How to extract text from images using Python?

Category: Python

Date: March 2023
Views: 1.13K

As someone who loves programming and technology, I find the concept of extracting text from images incredibly fascinating. Whether it's scanning a document or recognizing text from an image, the potential applications are limitless. One of the most widely used libraries for this purpose is Pytesseract, an open-source tool for optical character recognition (OCR) that extracts text from images.

Have you ever watched a programming video tutorial on youtube and you just wished if you could copy the code right from the video. well I do it all the time, I take a screenshot of the video and extract the text from it using Pytesseract

I was amazed the first time I used Pytesseract. With just a few lines of code, I could extract text from an image that was previously unreadable. Pytesseract is an open-source library that enables optical character recognition (OCR), extracting text from images.

Before you get started with Pytesseract, install it with the command

   
pip install pytesseract

Also, make sure to install PIL by running:

   
pip install pillow

of course the Pytesseract module calls a subprocess of tesseract program that should be installed in your system.

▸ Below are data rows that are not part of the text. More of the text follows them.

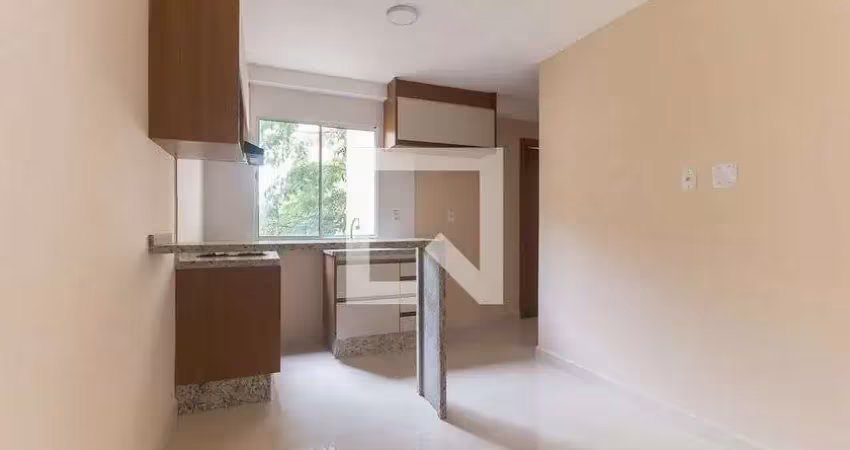 Apartamento para aluguel - vila ararat, 2 quartos,  54 m² - poá
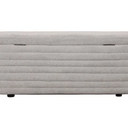 Pappa Storage Bench | Trunk - Light Grey at Online8 Furniture Auckland NZ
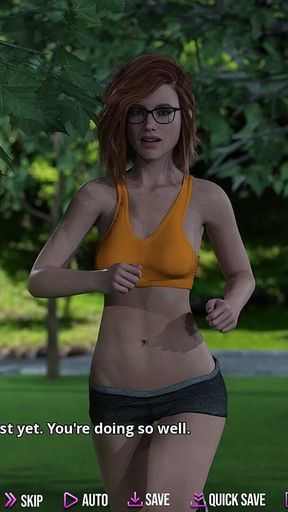 College Kings 139 - Riley’s Secret Moonlight Handjob in the Park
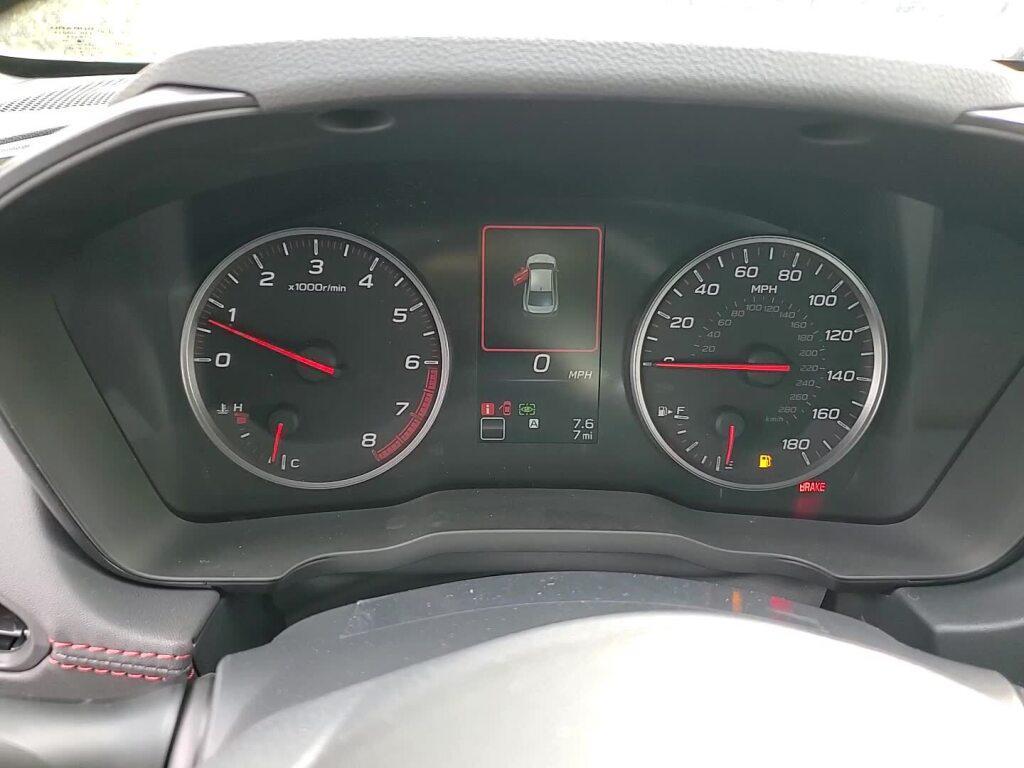 new 2025 Subaru WRX car, priced at $39,981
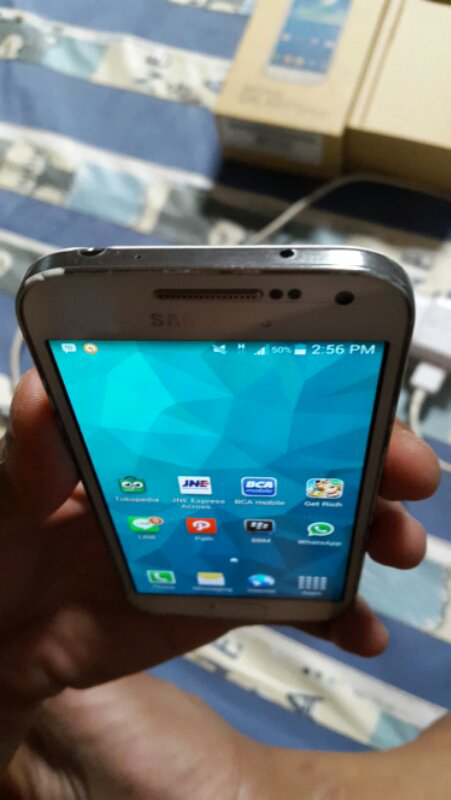 Samsung Galaxy S4 Mini White Bwnyak Bonus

in my Arch linux system I installed it using

   
sudo pacman -S tesseract-data

It shouldn't be any different in other distributions

To extract text from an image using Pytesseract, load the image using the PIL module and pass it to Pytesseract's image_to_string() method. This method will process the image and return the extracted text as a string.

   
import pytesseract
from PIL import Image

#Load the image
image = Image.open('example.png')

#Extract text from the image
text = pytesseract.image_to_string(image)

#Print the extracted text
print(text)

It's that straightforward! There are also optional parameters you can use to improve the accuracy of text extraction. For instance, you can specify the language of the text using the lang parameter, pass it like: lang="eng", or lang="fra" for French . Pytesseract defaults to English, but it supports many other languages too.

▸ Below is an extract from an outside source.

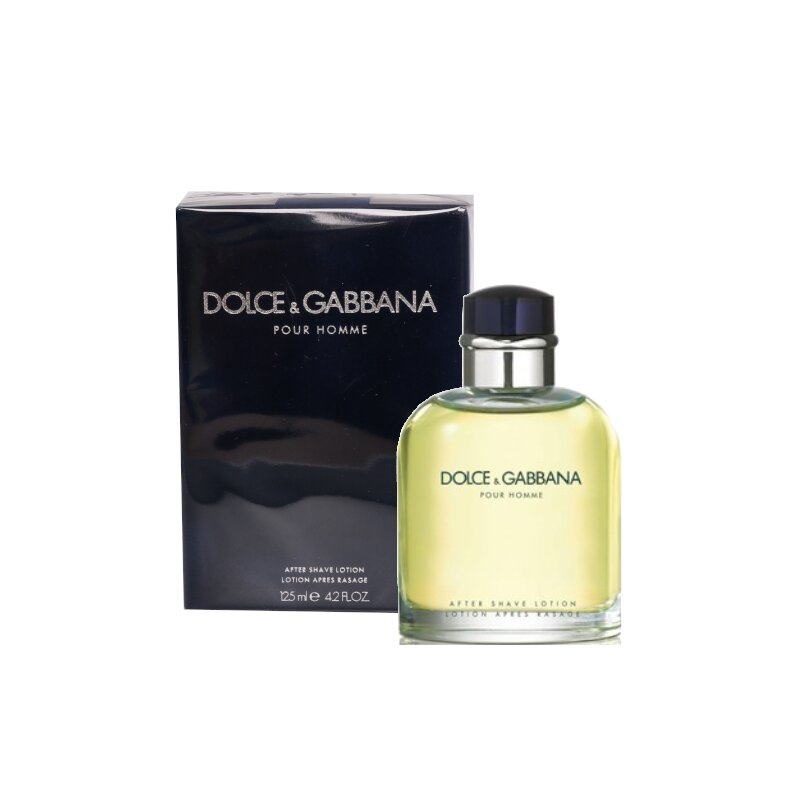 Image of Dolce & Gabbana Pour Homme After Shave Lotion 125ml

It's important to note that Pytesseract is not perfect. Its accuracy depends on the image quality and complexity of the text. Therefore, if you're dealing with low-quality images or complex fonts, you may need to experiment with different configurations to achieve the best results.

In summary, Pytesseract is a robust tool for extracting text from images. It's simple to use and can be a game-changer for automating text extraction tasks. However, keep in mind its limitations and experiment with different configurations to achieve the best results. Happy coding!